AIM: To construct the expression vectors for prokaryotic and eukaryotic human augmenter of liver regeneration (hALR) and to study their biological activity.

METHODS: hALRcDNA clone was obtained from plasmid pGEM-T-hALR, and cDNA was subcloned into the prokatyotic expression vector pGEX-4T-2. The recombinant vector and pGEX-4T-2hALR were identified by enzyme digestion and DNA sequencing and transformed into E coli JM109. The positively selected clone was induced by the expression of GST-hALR fusion protein with IPTG, then the fusion protein was purified by glutathine s-transferase (GST) sepharose 4B affinity chromatography, cleaved by thrombin and the hALR monomer was obtained and detected by measuring H thymidine incorporation.
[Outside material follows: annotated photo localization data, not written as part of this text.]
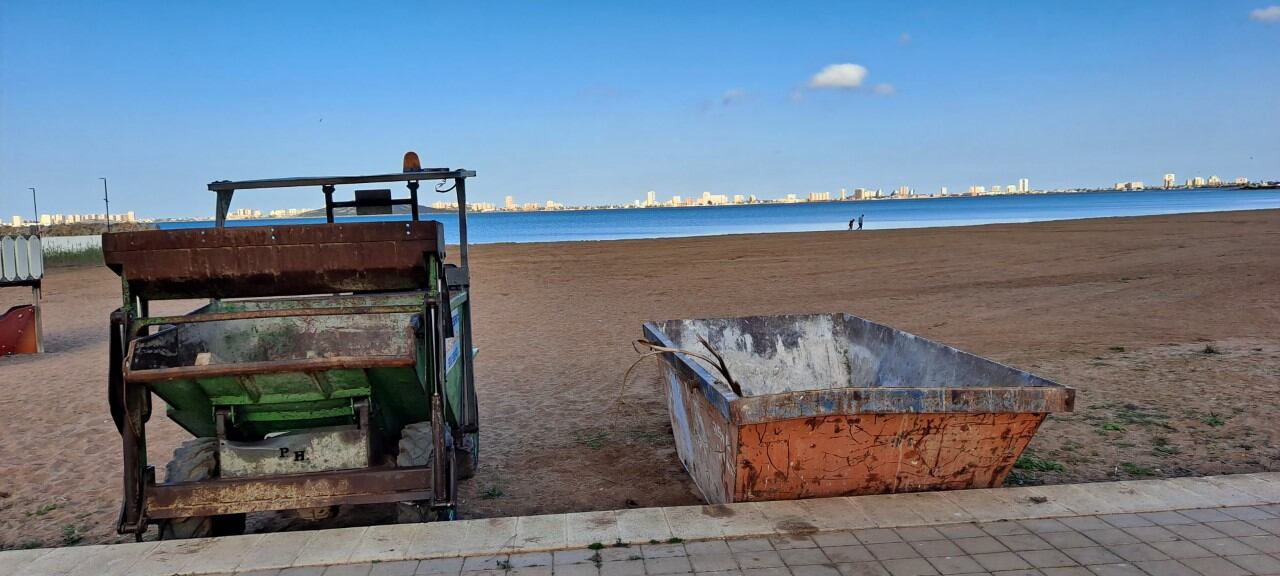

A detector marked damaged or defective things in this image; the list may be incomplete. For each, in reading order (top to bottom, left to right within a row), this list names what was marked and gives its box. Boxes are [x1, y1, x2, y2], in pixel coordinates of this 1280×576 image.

rusted metal panel [99, 221, 442, 299]
rusted metal panel [0, 305, 38, 355]
rusted metal panel [645, 312, 1075, 506]
rusted metal panel [144, 465, 432, 519]
rusted metal panel [737, 414, 1044, 499]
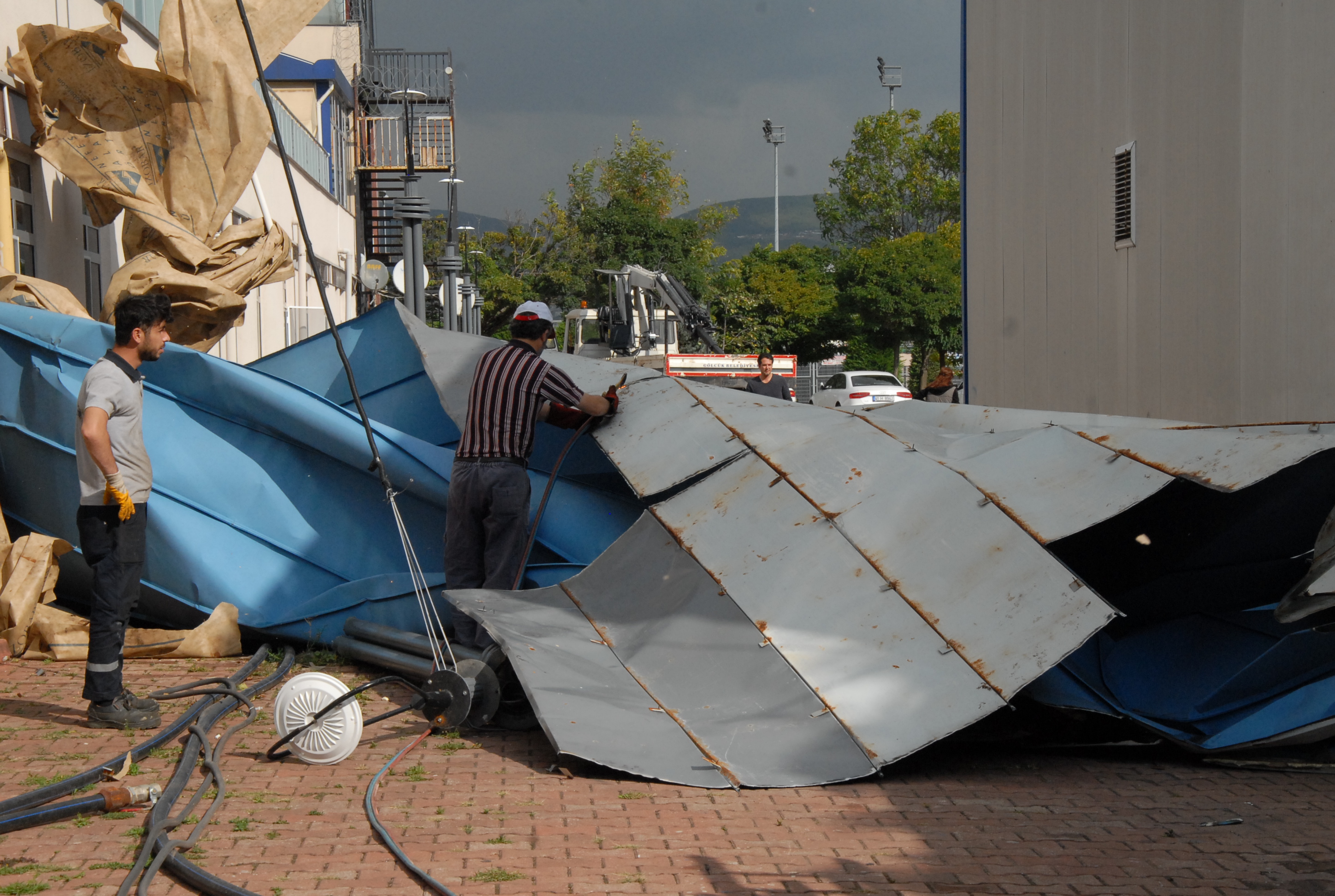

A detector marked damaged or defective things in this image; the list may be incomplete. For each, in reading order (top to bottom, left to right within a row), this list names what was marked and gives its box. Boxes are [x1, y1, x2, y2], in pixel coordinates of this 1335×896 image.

rusty sheet metal [452, 586, 734, 789]
rusty sheet metal [590, 371, 745, 498]
rusty sheet metal [557, 513, 870, 785]
rusty sheet metal [645, 455, 1003, 763]
rusty sheet metal [668, 378, 1114, 701]
rusty sheet metal [859, 415, 1173, 546]
rusty sheet metal [870, 404, 1195, 435]
rusty sheet metal [1069, 426, 1335, 494]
RESULTS: The product of PCR from plasmid pGEM-T-hALR was examined by 1.5% sepharose electrophoresis. The specific strap was coincident with the theoretical one. The sequence was accurate and pGEX-4T-hALP digested by enzymes was coincident with the theoretical one. The sequence was accurate and the fragment was inserted in the positive direction. The recombinant vector was transformed into E coli JM109. SDS-PAGE proved that the induced expressive fusion protein showed a single band with a molecular weight of 41 kDa. The product was purified and cleaved. The molecular weights of GST and hALR were 26 kDa, 15 kDa respectively. The recombinant fusion protein accounted for 31% of the total soluble protein of bacterial lysate. HALR added to the culture medium of adult rat hepatocytes in primary culture and HepG2 cell line could significantly enhance the rate of DNA synthesis compared to the relevant control groups (P < 0.01).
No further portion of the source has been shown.